# Radiator leak: Help Identifying



## Robby (Mar 1, 2013)

The photos are too close....hard to identify the general location, however, to my eye it appears you are taking a photo of coolant dripping off the intercooler connection. The leak would be above that clamp......look again with strong lighting.

Rob


----------



## ds7630 (Apr 9, 2015)

Robby said:


> The photos are too close....hard to identify the general location, however, to my eye it appears you are taking a photo of coolant dripping off the intercooler connection. The leak would be above that clamp......look again with strong lighting.
> 
> Rob


I was under the car when i took photos, small arm room. Anyway i can get a topside view without taking too much apart? Off first glance i cant see anything from the top


Sent from my iPhone using Tapatalk


----------



## carbon02 (Feb 25, 2011)

I agree with Robby, I think the coolant in the picture is on the air intercooler line. 

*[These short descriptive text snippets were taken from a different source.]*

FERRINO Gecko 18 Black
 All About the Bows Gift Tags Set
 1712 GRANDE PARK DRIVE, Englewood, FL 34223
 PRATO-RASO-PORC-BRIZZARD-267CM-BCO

Take a look at the radiator hose that goes into the thermostat. Check the connection of the hose at both ends, as the coolant might be running down the radiator hose and onto the inter cooler pipe.


----------



## ChevyGuy (Dec 13, 2014)

The things that tend to leak are the water pump and the plastic water outlet (a "tree" of hose connections). It's located just to the right of the engine oil fill cap. See if it's leaking from there and then running down something.

Off hand, I don't recall anyone reporting having a radiator go out (yet), and with several cars 3 years ahead of yours, it would seem unlikely that you're the first.


----------



## StormShepherd (Jan 29, 2017)

Actually, I have this leak as well. I've ignored it because I can't see a visible drop in coolant level in 3 months. 

To those asking location, that's the lower right side of the radiator, viewable past a grill in the splash shield normally. It looks like it's leaking out at the connection there, though I haven't taken any time to really investigate it.


----------